Records for this exercise =>

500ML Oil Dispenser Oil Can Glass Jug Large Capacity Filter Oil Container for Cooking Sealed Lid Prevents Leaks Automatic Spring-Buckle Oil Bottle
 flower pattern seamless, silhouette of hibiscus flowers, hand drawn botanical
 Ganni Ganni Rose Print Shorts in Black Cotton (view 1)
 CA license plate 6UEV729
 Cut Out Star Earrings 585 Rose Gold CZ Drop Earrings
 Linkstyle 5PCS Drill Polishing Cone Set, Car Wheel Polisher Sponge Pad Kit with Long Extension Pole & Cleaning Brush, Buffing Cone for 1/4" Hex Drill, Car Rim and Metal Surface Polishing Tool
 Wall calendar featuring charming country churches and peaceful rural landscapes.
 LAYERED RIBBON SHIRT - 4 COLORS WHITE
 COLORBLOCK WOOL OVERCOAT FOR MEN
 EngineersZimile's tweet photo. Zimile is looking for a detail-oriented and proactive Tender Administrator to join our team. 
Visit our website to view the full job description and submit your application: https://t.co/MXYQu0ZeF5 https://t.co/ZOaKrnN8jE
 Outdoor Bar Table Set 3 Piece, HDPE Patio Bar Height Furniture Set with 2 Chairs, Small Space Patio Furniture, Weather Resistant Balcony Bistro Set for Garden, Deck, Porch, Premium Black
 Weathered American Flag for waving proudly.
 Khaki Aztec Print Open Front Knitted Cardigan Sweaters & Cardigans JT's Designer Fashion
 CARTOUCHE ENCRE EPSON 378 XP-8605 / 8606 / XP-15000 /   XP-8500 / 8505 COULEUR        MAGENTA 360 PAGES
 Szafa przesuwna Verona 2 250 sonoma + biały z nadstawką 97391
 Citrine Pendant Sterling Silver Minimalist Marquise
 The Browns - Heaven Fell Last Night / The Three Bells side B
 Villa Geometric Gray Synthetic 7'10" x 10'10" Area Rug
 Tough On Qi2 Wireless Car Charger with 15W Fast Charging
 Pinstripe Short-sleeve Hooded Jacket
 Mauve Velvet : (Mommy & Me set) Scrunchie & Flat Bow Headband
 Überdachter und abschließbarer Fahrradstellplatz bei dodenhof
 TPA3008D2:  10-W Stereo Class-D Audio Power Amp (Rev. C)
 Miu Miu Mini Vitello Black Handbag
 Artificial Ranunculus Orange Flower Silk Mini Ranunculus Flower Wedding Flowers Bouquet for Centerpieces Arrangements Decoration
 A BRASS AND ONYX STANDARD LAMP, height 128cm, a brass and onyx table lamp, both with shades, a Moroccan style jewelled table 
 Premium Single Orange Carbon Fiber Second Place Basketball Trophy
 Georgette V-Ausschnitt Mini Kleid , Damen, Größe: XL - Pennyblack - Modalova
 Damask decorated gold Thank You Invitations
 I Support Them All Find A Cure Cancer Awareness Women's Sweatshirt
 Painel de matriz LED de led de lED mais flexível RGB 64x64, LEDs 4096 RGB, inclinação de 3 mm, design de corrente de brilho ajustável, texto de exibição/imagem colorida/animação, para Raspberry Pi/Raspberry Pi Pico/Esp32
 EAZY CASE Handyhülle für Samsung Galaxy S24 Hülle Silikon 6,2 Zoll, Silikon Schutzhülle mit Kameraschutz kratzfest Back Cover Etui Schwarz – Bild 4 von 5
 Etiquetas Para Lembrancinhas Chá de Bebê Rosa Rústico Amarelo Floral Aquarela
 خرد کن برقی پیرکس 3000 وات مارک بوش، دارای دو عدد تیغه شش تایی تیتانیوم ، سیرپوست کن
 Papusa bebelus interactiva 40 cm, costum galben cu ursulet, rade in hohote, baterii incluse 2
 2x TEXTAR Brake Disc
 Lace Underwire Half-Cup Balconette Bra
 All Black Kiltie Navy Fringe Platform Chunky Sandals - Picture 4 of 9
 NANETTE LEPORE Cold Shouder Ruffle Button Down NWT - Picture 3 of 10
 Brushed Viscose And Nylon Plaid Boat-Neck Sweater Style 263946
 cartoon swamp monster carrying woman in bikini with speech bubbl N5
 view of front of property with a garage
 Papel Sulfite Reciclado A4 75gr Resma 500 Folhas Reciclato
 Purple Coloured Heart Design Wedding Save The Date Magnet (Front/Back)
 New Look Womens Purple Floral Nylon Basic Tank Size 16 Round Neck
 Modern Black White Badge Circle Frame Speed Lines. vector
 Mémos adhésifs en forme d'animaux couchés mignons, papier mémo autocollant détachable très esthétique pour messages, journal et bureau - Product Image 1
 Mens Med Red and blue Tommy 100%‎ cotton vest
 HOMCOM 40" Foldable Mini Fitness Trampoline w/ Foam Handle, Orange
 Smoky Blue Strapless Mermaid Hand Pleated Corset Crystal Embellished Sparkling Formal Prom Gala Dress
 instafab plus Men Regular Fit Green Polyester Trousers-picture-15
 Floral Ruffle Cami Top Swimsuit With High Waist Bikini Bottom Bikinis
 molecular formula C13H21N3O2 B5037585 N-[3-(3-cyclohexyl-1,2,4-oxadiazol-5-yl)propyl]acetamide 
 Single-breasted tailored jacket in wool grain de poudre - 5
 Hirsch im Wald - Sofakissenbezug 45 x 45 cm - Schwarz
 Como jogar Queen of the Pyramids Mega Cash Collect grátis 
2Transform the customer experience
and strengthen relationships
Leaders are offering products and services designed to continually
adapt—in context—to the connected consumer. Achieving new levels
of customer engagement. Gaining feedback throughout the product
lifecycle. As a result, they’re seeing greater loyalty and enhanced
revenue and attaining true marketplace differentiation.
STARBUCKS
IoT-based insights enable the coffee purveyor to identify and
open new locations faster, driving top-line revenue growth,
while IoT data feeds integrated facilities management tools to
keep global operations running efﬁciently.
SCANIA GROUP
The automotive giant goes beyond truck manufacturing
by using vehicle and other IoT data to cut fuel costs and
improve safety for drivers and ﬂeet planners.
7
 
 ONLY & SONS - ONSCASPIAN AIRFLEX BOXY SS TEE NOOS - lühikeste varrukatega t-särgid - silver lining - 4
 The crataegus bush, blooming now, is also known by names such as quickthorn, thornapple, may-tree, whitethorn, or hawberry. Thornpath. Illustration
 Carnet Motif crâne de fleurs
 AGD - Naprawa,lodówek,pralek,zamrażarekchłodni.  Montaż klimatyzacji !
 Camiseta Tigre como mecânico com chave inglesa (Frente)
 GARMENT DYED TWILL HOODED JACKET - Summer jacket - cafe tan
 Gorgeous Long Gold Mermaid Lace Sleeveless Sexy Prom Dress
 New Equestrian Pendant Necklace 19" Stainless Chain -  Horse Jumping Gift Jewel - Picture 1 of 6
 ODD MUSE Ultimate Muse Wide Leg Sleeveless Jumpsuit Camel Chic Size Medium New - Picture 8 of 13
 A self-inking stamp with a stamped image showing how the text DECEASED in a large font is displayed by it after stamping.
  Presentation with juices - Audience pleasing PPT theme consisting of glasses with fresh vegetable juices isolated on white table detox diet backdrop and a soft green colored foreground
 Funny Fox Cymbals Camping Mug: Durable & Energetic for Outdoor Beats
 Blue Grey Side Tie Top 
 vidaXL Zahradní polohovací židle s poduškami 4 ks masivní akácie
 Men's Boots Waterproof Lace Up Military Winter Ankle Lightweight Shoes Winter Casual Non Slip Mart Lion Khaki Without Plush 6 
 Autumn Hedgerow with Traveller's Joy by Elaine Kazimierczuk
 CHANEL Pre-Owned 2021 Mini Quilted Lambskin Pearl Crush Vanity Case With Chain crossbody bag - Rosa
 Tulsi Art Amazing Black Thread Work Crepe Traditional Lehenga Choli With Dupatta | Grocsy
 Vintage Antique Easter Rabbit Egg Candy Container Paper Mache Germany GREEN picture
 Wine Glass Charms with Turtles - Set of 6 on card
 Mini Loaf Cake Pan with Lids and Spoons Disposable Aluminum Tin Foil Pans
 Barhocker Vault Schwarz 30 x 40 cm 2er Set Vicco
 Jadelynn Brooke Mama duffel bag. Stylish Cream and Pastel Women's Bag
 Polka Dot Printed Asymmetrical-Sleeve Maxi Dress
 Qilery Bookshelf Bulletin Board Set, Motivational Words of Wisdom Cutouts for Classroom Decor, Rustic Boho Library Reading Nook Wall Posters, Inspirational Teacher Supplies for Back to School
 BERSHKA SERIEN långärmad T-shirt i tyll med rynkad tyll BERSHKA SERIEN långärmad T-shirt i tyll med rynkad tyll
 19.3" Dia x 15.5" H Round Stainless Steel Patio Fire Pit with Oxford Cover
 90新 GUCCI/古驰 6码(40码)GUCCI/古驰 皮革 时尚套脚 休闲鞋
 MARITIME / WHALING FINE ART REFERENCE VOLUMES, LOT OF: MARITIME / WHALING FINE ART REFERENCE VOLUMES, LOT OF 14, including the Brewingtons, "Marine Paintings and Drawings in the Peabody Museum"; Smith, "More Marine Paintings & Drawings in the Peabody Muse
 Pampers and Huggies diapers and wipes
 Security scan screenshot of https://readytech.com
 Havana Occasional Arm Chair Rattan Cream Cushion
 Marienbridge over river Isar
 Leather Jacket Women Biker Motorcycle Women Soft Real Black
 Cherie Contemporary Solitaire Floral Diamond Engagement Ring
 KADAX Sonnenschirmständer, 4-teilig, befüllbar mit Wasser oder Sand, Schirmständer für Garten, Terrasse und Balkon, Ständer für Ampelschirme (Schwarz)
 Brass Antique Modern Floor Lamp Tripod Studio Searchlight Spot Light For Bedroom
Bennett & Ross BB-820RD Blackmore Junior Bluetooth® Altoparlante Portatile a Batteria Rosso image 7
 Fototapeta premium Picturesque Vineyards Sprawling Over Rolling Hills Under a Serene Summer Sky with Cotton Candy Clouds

Task item => In the listing above, find the line with "خرد کن برقی" and the line with "Smoky Blue Strapless", then print exactly those lines and every line between them.

Exercise output =>
 خرد کن برقی پیرکس 3000 وات مارک بوش، دارای دو عدد تیغه شش تایی تیتانیوم ، سیرپوست کن
 Papusa bebelus interactiva 40 cm, costum galben cu ursulet, rade in hohote, baterii incluse 2
 2x TEXTAR Brake Disc
 Lace Underwire Half-Cup Balconette Bra
 All Black Kiltie Navy Fringe Platform Chunky Sandals - Picture 4 of 9
 NANETTE LEPORE Cold Shouder Ruffle Button Down NWT - Picture 3 of 10
 Brushed Viscose And Nylon Plaid Boat-Neck Sweater Style 263946
 cartoon swamp monster carrying woman in bikini with speech bubbl N5
 view of front of property with a garage
 Papel Sulfite Reciclado A4 75gr Resma 500 Folhas Reciclato
 Purple Coloured Heart Design Wedding Save The Date Magnet (Front/Back)
 New Look Womens Purple Floral Nylon Basic Tank Size 16 Round Neck
 Modern Black White Badge Circle Frame Speed Lines. vector
 Mémos adhésifs en forme d'animaux couchés mignons, papier mémo autocollant détachable très esthétique pour messages, journal et bureau - Product Image 1
 Mens Med Red and blue Tommy 100%‎ cotton vest
 HOMCOM 40" Foldable Mini Fitness Trampoline w/ Foam Handle, Orange
 Smoky Blue Strapless Mermaid Hand Pleated Corset Crystal Embellished Sparkling Formal Prom Gala Dress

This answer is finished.